To develop and enhance my global awareness, I have taken on a broader perspective with respect to my major, Earth Sciences. I know that may sound odd, “broad-Earth Sciences,” and by that I mean I have taken the time to study under professors from other countries and work with students who have studied abroad. I have focused on learning the intricacies and details of how my work can carry over to other countries, and how I would go about initiating such research. Additionally, I will be traveling to Utah this summer to complete Ohio State’s Field Camp. It serves as a culmination of many major classes, and helps to develop global understanding of complex processes.
The upper-level major courses I have taken; Mineralogy, Petrology, Structural Geology, have really allowed me to grasp the level of research and creative process when it comes to the Earth Sciences. The courses have required me to create my own research poster from scratch, in addition to leading me towards my coming research in the fall. In the next semester I will begin researching under one of the several Geophysicists in the School of Earth Sciences.

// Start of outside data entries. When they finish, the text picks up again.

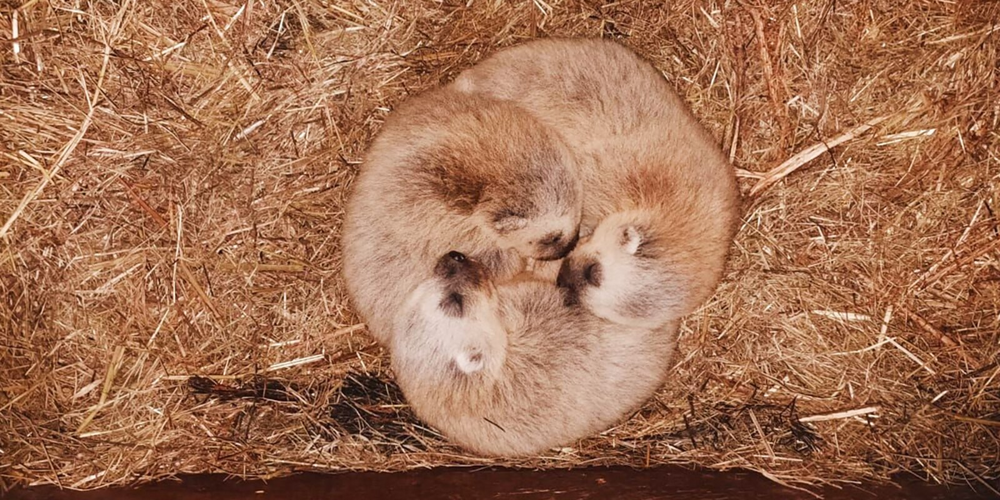 Росомаха: валит оленей и загоняет медведя на дерево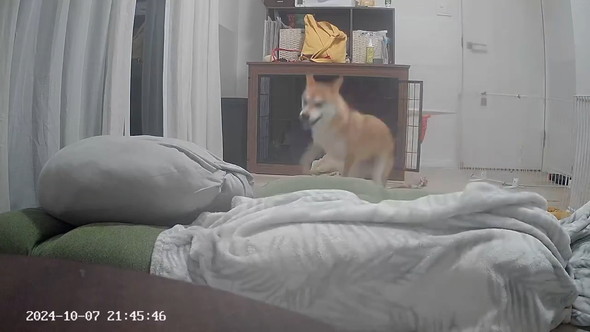 ペットカメラに映る柴ワンコ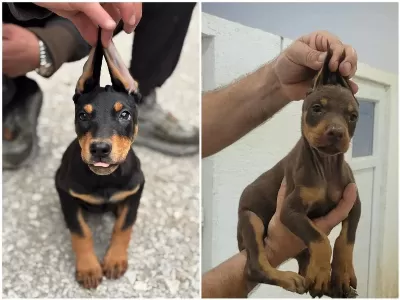 Siyah Ve Kizil Doberman Yavrularimiz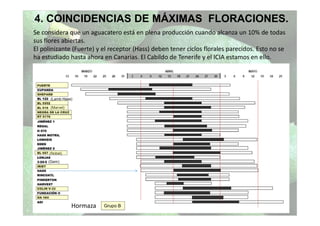 4. COINCIDENCIAS DE MÁXIMAS FLORACIONES.
Se considera que un aguacatero está en plena producción cuando alcanza un 10% de todas
sus flores abiertas.
El polinizante (Fuerte) y el receptor (Hass) deben tener ciclos florales parecidos. Esto no se
ha estudiado hasta ahora en Canarias. El Cabildo de Tenerife y el ICIA estamos en ello.
Hormaza
(Marvel)
(Nobel)
(Lamb Hass)
(Gem)
Grupo B
 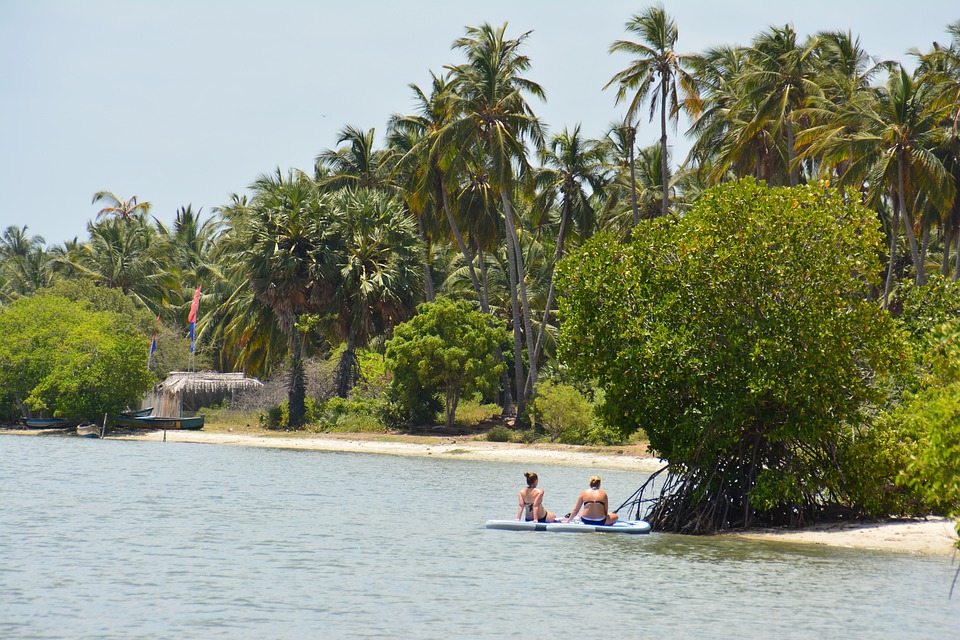 Bentota River Safari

My Honors Contract demonstrates a commitment to the goal of Academic Enrichment in that it allows me to pursue my interests (Classics and Art History) while maintaining challenging and Honors-quality courses. Classical literature, arts, and civilizations have been a passion of mine, but sadly do not come up very often in the typical Structure discussion on reclined folding of strata. The Honors Contract allows me to keep taking stimulating Classics courses, and to keep considering a minor in it, all while moving towards graduation and not falling behind my target graduation term, spring of 2020.
I am an active member of Sigma Gamma Epsilon, the Earth Sciences Honorary here at Ohio State. I help set up and participate in weekly to monthly volunteer opportunities, meetings, fundraisers, etc. It has allowed me to expand my overall peer-group within my major, make connections with faculty, learn more about the School of Earth Sciences as a whole, and I now plan on pursuing a leadership position on the SGE Executive Board next spring. My involvement in SGE relates directly to my major and my career, as the organization regularly hosts panels and discussions with past graduates and professors; providing networking opportunities and a wealth of advice.
Sigma Gamma Epsilon is a service and education driven organization. Meaning that, if we are not educating prospective students or hosting panels, the group is working at a volunteer event. This spring, SGE worked College Mentors for Kids; teaching middle school students about the water cycle, rock cycle, fossils, etc, took part in Clean Up Columbus; cleaning up trash and recyclables from the streets surrounding OSU’s campus, spent weekends painting and cleaning up the poster display cases in Mendenhall Lab, the building which houses the School of Earth Sciences, and hosts weekly Coffee Hour, a continuous fundraiser that goes towards scholarships for SGE members who are going to Ohio State’s Field Camp in Ephraim, Utah this summer.